YAAS YOU DIDN'T SAY OCTOPI, WHICH ISN'T A WORD, NOR THE PLURAL OF OCTOPUS!!

And wolves and dogs


----------



## Minene (Jun 7, 2016)

i like the deer, rabbits, and octopus


----------



## Duzzel (Jun 7, 2016)

I love the Wolves and Cats.
But the sheep can be pretty cute as well. It's hard to say though cause I like villagers based more on their personality and design ~


----------



## AccfSally (Jun 8, 2016)

Squirrels, Hamsters, Rabbits, Cats and Sheep


----------



## Mayor Kera (Jun 9, 2016)

Bear cubs, sheep, deer, and squirrels.


----------



## Koden (Jun 9, 2016)

my favourites are cubs and cats c:


----------



## Aleigh (Jun 9, 2016)

Wolves and sheep.
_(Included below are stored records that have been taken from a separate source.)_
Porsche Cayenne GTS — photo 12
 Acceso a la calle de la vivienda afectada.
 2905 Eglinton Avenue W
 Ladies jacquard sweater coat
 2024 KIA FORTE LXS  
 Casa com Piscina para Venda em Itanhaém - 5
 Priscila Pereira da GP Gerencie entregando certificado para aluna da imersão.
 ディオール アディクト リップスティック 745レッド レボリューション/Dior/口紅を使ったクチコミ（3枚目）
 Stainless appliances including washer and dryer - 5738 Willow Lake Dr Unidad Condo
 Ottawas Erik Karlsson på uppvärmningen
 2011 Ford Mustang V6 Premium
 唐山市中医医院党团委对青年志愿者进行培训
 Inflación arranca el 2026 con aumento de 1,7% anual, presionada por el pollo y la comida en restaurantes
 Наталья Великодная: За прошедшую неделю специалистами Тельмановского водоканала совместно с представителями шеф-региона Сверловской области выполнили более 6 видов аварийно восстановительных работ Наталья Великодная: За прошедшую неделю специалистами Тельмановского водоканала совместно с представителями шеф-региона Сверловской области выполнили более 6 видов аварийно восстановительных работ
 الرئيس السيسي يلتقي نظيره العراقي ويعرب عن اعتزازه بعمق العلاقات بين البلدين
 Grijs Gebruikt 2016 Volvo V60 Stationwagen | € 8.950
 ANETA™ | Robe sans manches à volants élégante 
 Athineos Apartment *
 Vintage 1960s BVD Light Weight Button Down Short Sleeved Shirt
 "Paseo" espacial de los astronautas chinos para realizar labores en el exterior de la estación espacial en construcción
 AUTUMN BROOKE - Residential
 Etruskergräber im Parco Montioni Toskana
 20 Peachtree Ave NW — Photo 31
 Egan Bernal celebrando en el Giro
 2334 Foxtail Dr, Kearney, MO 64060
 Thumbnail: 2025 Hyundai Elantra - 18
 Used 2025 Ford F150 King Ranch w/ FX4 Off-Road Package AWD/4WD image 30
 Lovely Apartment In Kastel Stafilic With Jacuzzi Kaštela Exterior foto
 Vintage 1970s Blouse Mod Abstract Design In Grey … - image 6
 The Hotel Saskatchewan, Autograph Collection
I like the squirrels too!


----------



## debinoresu (Jun 9, 2016)

i legit cant pick?? like... if you look at my villagers i guess itd come down to wolves or bunnies but imo i dont really have a favorite


----------



## StikkyEbi (Jun 10, 2016)

I like the dogs best, but I haven't seen many of them. Frogs and cats are pretty cool too.


----------



## Penellope (Jun 10, 2016)

The Hamsters, god do I love Flurry so much...if she ever left me I think I'd cry T~T


----------



## pinkfawn (Jun 11, 2016)

Deer! They're my favorite animals. I also love all the cats and mice.


----------



## Jou (Jun 11, 2016)

Bunnies are the best /o/ Awyeahh


----------



## Shax (Jun 11, 2016)

I love squirrel villagers. The way their tail bounces when they walk is so cute!


----------



## Daydream (Jun 11, 2016)

Hamsters are my favorites.


----------



## vogelbiene (Jun 12, 2016)

I personally love my bird, cub and dog villagers uvu


----------



## IWantPeanut (Jun 13, 2016)

my favourite is squirrels <3 followed by cats and wolves


----------



## korumi (Jun 13, 2016)

I love the deer so much. The wolves and octopuses (octopi??) are also so cute.


----------



## MorningStar (Jun 13, 2016)

Wolves, deer, most of the alligator, and most of the cats.


----------



## Torterraxe (Jun 16, 2016)

Wolves, cats, alligators.....
CANT DECIDEEEEE


----------



## guardgirl (Jun 16, 2016)

Wolves, dogs and squirrels are my favorite, though the cats and bunnies deserve an honorable mention.


----------